In this regard, the relevant rules and judicial interpretations are not clearly prescribed in Chinese Law. As such, we could use for reference the case concerning disputes over infringement upon trademark rights between retrial petitioner Zhang Shaoheng and respondent Cangzhou Tianba Agricultural Machinery Co., Ltd. (No. 3640 [2015], Civil Petition, SPC).
The Supreme People’s Court stated that: under the co-owned trademark rights, the exercise of trademark rights shall observe the principle of autonomy of will of the parties and shall be exercised upon the consensus of co-owners as the trademark rights are the rights of separate private entities. If the co-owners fail to reach a consensus and there is no justifiable reason to the refusal, any co-owner may not prevent the other from permitting third parties to use the trademark in the manner of ordinary licensing use.
First of all, trademarks can only be used in production and business activities, combined with goods or services, in order to distinguish the source of such goods or services, reflecting the true value of trademarks for the owners. If the trademark is difficult to use because of the difficulty of reaching consensus between the co-owners, it is not only difficult to reflect and perceive the value of the registered trademark, it is contrary to the legislative intent of the trademark law, and as such it is difficult to protect the common interests of the joint owners.

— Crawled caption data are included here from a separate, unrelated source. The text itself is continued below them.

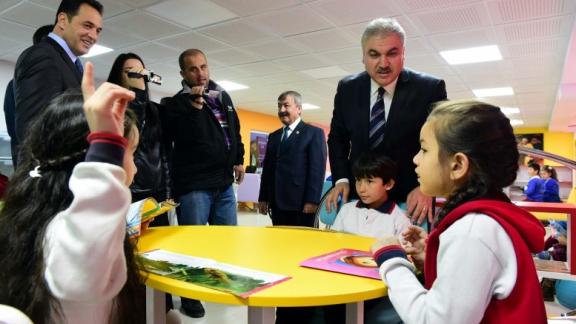 Gazi Mustafa Kemal İlkokulu´nda Z-Kütüphane ve Akıllı Sınıf Açıldı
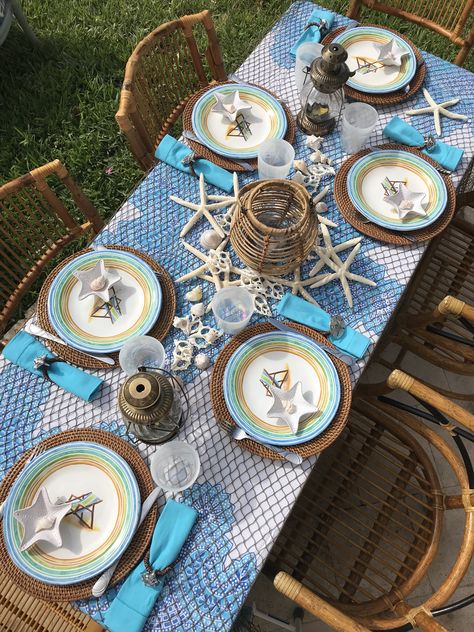 The seaside always reminds me of fish nets and seashells. I took a fish net and placed it over a beach towel to use as table cloth. Surrounded by seashells that i found in the beach. Made for a beautiful summer evening. Coastal Table Settings, Seashell Table Decor, Beach Table Settings, Blue And White Table Setting, Boho Garden Party, Fish Nets, Coastal Table, Beach Table, Nautical Inspiration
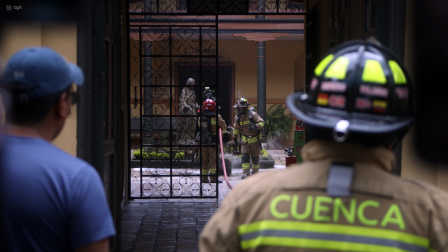 Bomberos Cuenca atendieron un conato de incendio en el edificio de la curia de Cuenca.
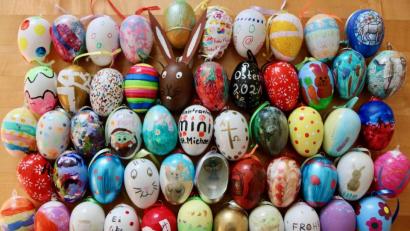 Bild: ads
Das Ergebnis der Ostereiermalaktion der Ministranten von St. Michael kann sich sehen lassen, denn die Kinder haben sich eine Menge Mühe beim Kreieren ihres Ostereis gegeben und kleine Kunstwerke geschaffen.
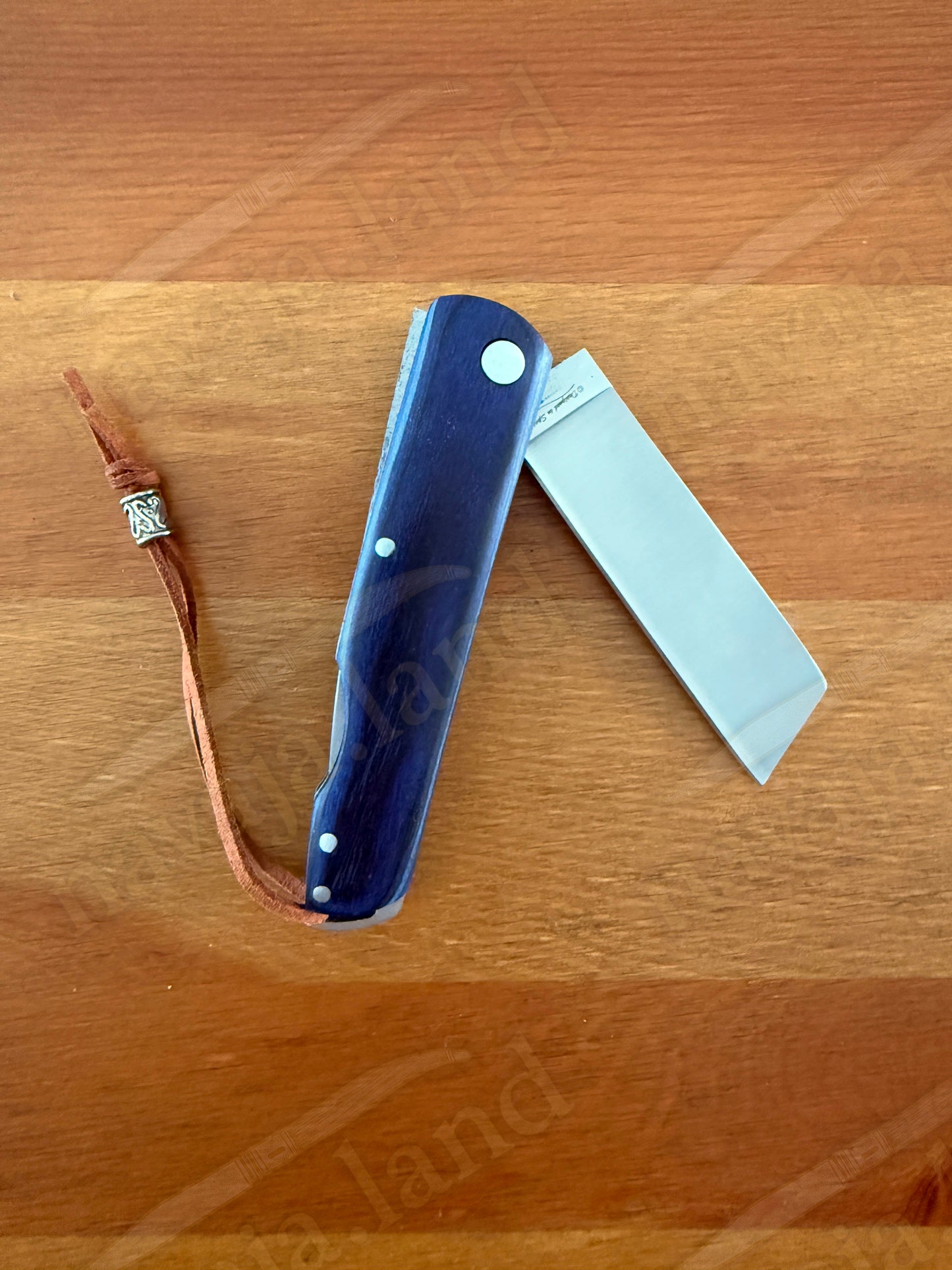 2.95" Cut Tip Navaja Pocket Knife Sailor / Marinera Blue Wood Handle Lockback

Secondly, if one of the trademark owners authorizes the use of the trademark by third parties, generally it does not affect the interests of other co-owners. Other co-owners may use the trademark by themselves or by means of an ordinary license. The licensing method should be, in principle, allowed. However, if only one of the owners of the trademark permits others to use it in an exclusive way or with a “solely licensed use”, it will have a greater impact on the interests of other joint owners and should be prohibited, in principle.
Thirdly, according to the provisions of the Trademark Law, the licensor shall supervise the quality of the goods used by the licensee to use its registered trademark, and the licensee shall guarantee the quality of the goods using the registered trademark. Therefore, from the perspective of ensuring the quality of goods and the goodwill of trademarks, the co-owners of trademark rights will generally carry out ordinary licenses, and will generally have no significant impact on the interests of other co-owners. To take a step back, even if the ordinary license of the trademark owner alone reduces the goodwill of the trademark and damages the interests of other joint owners, this is also the risk brought by the trademark ownership system itself. In the event that the trademark owner does not agree on the exercise of the rights, the co-owner should anticipate the risk.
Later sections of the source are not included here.